O pecado é um termo importante para o cristianismo, que podemos dizer ser um termo técnico, e tem sido relacionado a ideais de conduta moral e a não identificação da ação individual com tais ideais. Tomando como exemplo o Conservadorismo, podemos dizer que neste pode haver um ideal de família (homem, mulher, filhos e filhas, formam um núcleo familiar heterossexual e monogâmico). Assim, a poligamia, o adultério, o homossexualismo, etc., são pecaminosos ao se desviarem do ideal tradicional. Contudo, dissemos acima que no cristianismo enfrentamos uma tensão entre a humanidade e a Graça, entre a impossibilidade de descrever o humano e fixar seu conceito, e aquilo que transcende o humano e que é inapreensível ao homem, que chamamos de Graça.
O cristianismo rompe com o judaísmo à medida que move da Lei e sua necessária obediência, para a Graça, que coloca a Lei em movimento.
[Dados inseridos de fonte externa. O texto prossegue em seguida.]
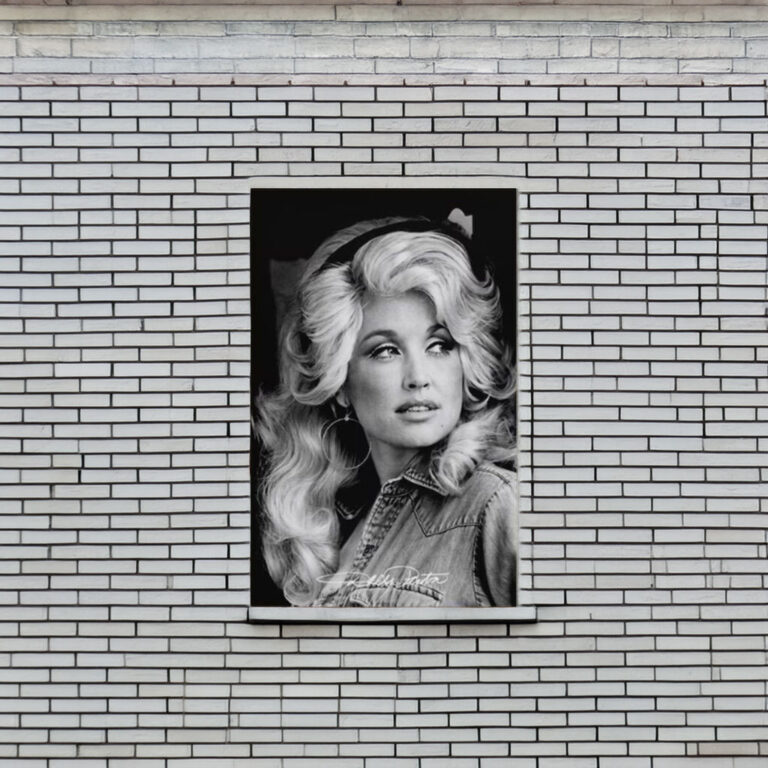 Dolly Parton Retro Poster
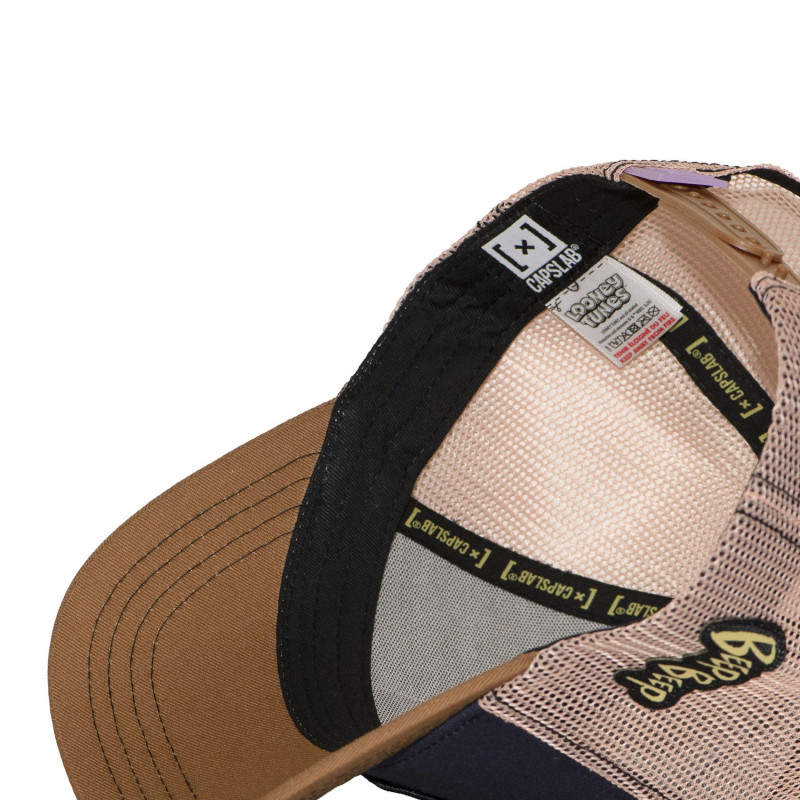Casquette Trucker Looney Tunes Coyote Snapback Marron - Capslab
A Graça não é uma Lei mais secreta, um mistério que funda o Escriturado. A Graça é o que escapando à Lei, tenciona a Lei, movendo a Lei num outro sentido. A Lei são aos normas que regulam as relações entre os humanos, mas os humanos não se fixam nem no tempo e nem no espaço legal. A Graça reconhece a impossibilidade humana de fixar alvos e realiza-los, conquanto acolhe esta incompletude e lhe oferece um valor transcendente. A Graça é o motor que humaniza a Lei que quer se fixar. A Graça se move com a impossibilidade de dar conta das questões irrespondíveis da humanidade, enquanto a fixidez, a tentativa de fixar o humano em sua autossuficiência é o pecado humano, o erro do alvo.
O humano nem é fixo e nem autossuficiente, enquanto o pecado pode ser entendido como a fixação de ideais e a garantia de que o homem pode se identificar com tais ideais. O pecado é a desumanização do humano, que aponta para sua divinização, o querer ser tal qual Deus. O pecado não apenas é a instância da autossuficiência humana, como a autossuficiência do indivíduo, é, em outros termos, o narcisismo, o egoísmo, o desamor, a desgraça. O homem é esta busca fora de si se um ser não apreensível e não realizável. Não é a dor, o medo, ou o prazer, ou a confiança que movem o humano, mas seu desejo de satisfazer sua incompletude. O cristão entende que a humanidade pode buscar fora de si o prazer, a felicidade, o gozo (visando a satisfação de desejos egoístas e narcisistas), ou pode buscar fora de si a vida e a Graça. A humanidade pode buscar fora de si seu prazer, submetendo tudo aos seus desejos insaciáveis, ou buscar fora de si o reconhecimento e o acolhimento a si e ao outro. O cristianismo é este movimento de busca fora de si. Abandona o desejo monárquico por si e reconhece e acolhe a busca do outro consigo. A Graça é este reconhecimento e acolhimento.
A Graça é o que nos reconhece e nos acolhe. Não somos discípulos de Jesus porque nos conduzimos de maneira moral. Não somos discípulos de Jesus porque nossa conduta se identifica com um padrão superior, uma lei da perfeição. Não somos discípulos de Jesus porque nossas ações são ilibadas, perfeitas. Nossa perfeição não é moral, mas de humilde reconhecimento de termos sido acolhidos pela Graça. Somos discípulos pois fomos acolhidos pela Graça: a Graça nos basta. Como diz Paulo: maldito homem que sou que ajo de maneira perversa...bendito homem que sou que fui acolhido pela Graça.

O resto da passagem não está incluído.